When you respond, restate each record exactly as it is given.

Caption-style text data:
================

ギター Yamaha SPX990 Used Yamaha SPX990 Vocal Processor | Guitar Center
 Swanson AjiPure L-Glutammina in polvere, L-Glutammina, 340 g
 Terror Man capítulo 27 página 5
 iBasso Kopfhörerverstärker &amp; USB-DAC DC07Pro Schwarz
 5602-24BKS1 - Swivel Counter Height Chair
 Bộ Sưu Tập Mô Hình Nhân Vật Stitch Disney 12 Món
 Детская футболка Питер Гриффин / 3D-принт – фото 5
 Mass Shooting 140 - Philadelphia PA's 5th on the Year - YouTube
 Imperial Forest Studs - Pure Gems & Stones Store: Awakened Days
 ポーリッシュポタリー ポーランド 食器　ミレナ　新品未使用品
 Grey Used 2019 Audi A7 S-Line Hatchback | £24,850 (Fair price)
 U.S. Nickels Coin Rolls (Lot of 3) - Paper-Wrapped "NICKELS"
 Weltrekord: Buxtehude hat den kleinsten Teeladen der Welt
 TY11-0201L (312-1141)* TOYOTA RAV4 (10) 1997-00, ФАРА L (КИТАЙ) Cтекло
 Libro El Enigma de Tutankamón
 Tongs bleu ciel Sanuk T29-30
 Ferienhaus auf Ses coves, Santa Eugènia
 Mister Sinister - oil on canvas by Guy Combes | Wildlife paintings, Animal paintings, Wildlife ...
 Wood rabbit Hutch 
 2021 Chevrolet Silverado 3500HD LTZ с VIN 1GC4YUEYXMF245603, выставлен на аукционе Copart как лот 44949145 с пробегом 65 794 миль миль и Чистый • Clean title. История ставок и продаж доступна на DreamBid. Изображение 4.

================

### Reply:
ギター Yamaha SPX990 Used Yamaha SPX990 Vocal Processor | Guitar Center
 Swanson AjiPure L-Glutammina in polvere, L-Glutammina, 340 g
 Terror Man capítulo 27 página 5
 iBasso Kopfhörerverstärker &amp; USB-DAC DC07Pro Schwarz
 5602-24BKS1 - Swivel Counter Height Chair
 Bộ Sưu Tập Mô Hình Nhân Vật Stitch Disney 12 Món
 Детская футболка Питер Гриффин / 3D-принт – фото 5
 Mass Shooting 140 - Philadelphia PA's 5th on the Year - YouTube
 Imperial Forest Studs - Pure Gems & Stones Store: Awakened Days
 ポーリッシュポタリー ポーランド 食器　ミレナ　新品未使用品
 Grey Used 2019 Audi A7 S-Line Hatchback | £24,850 (Fair price)
 U.S. Nickels Coin Rolls (Lot of 3) - Paper-Wrapped "NICKELS"
 Weltrekord: Buxtehude hat den kleinsten Teeladen der Welt
 TY11-0201L (312-1141)* TOYOTA RAV4 (10) 1997-00, ФАРА L (КИТАЙ) Cтекло
 Libro El Enigma de Tutankamón
 Tongs bleu ciel Sanuk T29-30
 Ferienhaus auf Ses coves, Santa Eugènia
 Mister Sinister - oil on canvas by Guy Combes | Wildlife paintings, Animal paintings, Wildlife ...
 Wood rabbit Hutch 
 2021 Chevrolet Silverado 3500HD LTZ с VIN 1GC4YUEYXMF245603, выставлен на аукционе Copart как лот 44949145 с пробегом 65 794 миль миль и Чистый • Clean title. История ставок и продаж доступна на DreamBid. Изображение 4.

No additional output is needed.